There are several ways in which a power of attorney (POA) document can be written. The wording in this document can be customized to dictate what specific powers the principal (the person who signs the POA) grants to the agent (the person named to act on the principal’s behalf) and when these powers can be used. For example, a durable POA document is ideal because an agent retains the ability to act for the principal even if he or she becomes incapacitated, which is when this power is most important.
Regardless of when the document takes effect, all powers under a POA end upon the principal’s death. (The only exception is with a non-durable POA, which ends if/when the principal is deemed incompetent.) Once the principal has died, the agent loses all ability to act in their stead both medically and financially.
Accessing Assets After a Loved One’s Death
Of course, medical POA is no longer needed for a loved one once they’ve passed away. However, most people leave behind bills that must still be paid, and access to their finances is required to see to these matters. Many family caregivers who were named as an elder’s financial power of attorney are surprised to find out that their POA is invalid and they no longer have legal access to their loved one’s bank accounts.
There are only a few ways in which a family caregiver who was previously given financial POA would be able to gain access to their deceased loved one’s assets.
- The Agent Was Also Named As Executor
If the decedent drafted and signed a valid will that names an executor, then that person will have access to the accounts for the purpose of administering the estate and guiding the probate process. The agent under POA must forfeit their financial access unless they were also named as executor in the will.
- The Agent Was Named As a Beneficiary or Joint Owner of Accounts
The POA retains access to any of the decedent’s assets that name them as a joint owner or payable-on-death (POD) or transfer-on-death (TOD) beneficiary. Assets that commonly carry POD/TOD designations or can be jointly titled include life insurance proceeds, bank accounts, retirement accounts and brokerage accounts. When titled correctly, these assets typically do not have to go through the lengthy probate process because they pass directly to the named individual.

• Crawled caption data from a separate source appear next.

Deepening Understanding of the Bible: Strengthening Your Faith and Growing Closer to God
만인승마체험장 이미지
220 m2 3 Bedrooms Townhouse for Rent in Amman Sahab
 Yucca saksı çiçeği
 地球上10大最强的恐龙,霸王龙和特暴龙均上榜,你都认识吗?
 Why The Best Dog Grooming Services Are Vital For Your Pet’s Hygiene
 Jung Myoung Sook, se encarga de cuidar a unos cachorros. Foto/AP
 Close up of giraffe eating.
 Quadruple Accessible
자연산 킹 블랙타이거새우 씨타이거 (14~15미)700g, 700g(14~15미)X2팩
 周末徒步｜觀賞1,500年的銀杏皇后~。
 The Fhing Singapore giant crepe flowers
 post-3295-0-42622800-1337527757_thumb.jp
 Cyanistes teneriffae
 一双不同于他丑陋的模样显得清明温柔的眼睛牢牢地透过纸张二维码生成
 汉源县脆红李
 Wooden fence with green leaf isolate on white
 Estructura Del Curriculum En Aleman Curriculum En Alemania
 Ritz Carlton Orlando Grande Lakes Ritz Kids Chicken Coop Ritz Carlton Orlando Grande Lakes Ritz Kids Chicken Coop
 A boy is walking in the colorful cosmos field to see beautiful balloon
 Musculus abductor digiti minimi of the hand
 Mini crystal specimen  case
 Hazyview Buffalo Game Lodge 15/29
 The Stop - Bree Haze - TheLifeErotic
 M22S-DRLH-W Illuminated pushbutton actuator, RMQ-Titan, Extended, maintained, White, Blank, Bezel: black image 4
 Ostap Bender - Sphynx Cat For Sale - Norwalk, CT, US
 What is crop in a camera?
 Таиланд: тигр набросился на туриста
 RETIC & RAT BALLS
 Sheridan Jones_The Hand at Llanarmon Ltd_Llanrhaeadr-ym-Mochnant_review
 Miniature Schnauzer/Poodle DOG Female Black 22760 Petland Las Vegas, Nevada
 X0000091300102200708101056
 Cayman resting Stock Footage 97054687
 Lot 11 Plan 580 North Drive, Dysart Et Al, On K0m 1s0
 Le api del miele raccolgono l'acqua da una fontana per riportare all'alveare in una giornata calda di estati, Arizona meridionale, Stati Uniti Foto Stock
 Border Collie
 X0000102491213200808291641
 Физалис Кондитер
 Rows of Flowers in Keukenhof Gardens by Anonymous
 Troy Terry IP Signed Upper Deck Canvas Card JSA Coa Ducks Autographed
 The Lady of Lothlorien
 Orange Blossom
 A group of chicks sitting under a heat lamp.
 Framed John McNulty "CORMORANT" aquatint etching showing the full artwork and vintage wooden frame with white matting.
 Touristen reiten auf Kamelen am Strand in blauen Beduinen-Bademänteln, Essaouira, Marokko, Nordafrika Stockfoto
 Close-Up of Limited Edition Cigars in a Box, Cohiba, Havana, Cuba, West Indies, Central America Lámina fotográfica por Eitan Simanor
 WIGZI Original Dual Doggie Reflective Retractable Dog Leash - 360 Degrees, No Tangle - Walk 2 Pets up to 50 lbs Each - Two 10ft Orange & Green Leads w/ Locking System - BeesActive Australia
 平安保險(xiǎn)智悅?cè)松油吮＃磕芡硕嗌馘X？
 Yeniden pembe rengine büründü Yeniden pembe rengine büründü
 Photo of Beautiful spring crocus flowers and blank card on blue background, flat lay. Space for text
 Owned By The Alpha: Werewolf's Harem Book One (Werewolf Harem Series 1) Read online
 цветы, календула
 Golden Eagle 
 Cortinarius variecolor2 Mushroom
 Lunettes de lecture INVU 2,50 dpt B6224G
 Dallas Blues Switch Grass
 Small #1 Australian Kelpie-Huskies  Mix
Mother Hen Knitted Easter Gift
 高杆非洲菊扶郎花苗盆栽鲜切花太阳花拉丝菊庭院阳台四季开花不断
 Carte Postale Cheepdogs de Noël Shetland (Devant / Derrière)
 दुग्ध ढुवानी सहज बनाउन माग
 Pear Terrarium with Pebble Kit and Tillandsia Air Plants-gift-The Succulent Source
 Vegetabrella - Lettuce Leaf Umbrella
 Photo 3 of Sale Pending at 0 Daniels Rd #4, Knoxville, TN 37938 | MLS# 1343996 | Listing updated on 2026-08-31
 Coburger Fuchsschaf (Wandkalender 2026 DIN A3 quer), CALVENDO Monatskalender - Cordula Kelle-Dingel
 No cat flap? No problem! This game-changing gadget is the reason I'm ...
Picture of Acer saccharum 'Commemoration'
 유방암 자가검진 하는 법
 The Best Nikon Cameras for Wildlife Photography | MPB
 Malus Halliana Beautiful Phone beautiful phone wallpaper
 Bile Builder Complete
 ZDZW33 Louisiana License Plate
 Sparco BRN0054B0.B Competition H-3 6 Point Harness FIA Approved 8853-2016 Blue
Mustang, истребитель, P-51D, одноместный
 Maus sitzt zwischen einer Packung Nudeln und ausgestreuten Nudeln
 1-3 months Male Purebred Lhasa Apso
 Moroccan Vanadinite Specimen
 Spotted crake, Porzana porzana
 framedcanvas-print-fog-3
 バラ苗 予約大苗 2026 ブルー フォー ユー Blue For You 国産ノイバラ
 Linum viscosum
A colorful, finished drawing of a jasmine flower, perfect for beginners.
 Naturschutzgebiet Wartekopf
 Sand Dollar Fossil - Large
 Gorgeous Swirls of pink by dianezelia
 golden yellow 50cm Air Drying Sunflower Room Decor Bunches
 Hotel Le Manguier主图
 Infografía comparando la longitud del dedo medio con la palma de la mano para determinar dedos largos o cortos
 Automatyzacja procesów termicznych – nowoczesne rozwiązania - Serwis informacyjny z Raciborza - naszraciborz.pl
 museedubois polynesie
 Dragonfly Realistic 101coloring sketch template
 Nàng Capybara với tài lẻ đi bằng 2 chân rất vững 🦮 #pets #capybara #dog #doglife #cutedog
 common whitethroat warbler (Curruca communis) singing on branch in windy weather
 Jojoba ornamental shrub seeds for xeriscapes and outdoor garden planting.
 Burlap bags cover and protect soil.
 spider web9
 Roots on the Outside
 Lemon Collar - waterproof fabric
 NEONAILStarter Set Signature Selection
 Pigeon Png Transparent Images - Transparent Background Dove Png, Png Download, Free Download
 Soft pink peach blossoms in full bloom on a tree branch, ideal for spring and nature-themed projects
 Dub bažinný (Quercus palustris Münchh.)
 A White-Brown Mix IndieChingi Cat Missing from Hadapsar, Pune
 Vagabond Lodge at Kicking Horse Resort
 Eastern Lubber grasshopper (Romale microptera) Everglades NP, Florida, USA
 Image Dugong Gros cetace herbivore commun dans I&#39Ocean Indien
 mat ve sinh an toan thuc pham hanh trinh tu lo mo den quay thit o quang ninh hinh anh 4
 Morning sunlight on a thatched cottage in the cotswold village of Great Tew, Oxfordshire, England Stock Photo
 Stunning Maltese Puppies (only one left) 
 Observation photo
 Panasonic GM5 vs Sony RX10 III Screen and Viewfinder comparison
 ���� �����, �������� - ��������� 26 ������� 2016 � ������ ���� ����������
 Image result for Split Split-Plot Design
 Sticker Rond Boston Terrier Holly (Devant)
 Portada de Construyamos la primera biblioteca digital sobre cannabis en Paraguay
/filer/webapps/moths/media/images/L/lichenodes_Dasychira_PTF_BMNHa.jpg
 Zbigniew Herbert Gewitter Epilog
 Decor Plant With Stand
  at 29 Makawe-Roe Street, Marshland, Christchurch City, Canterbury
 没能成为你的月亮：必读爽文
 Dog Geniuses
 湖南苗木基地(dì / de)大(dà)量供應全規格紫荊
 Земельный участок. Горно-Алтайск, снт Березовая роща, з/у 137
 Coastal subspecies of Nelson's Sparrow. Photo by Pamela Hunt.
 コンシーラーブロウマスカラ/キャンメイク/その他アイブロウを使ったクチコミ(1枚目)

- The Agent Must Petition to Become Executor of the Estate
If the decedent died without a will (intestate) or had a valid will but did not name an executor (also known as a personal representative in some states), then the agent can petition the local probate court to be appointed as such, which would then give them access to the estate. If the POA’s appointment as executor is opposed by someone else who wishes to serve in this role, the fact that the decedent named this person as their agent can be used to support their appointment.
Keep in mind that, if a person has been named as an agent under a financial POA and/or the executor of an estate, both these responsibilities require a fiduciary obligation. This means that an agent has a legal duty to act in the best interests of the principal and the executor has a legal duty to act in the best interests of the estate and its beneficiaries.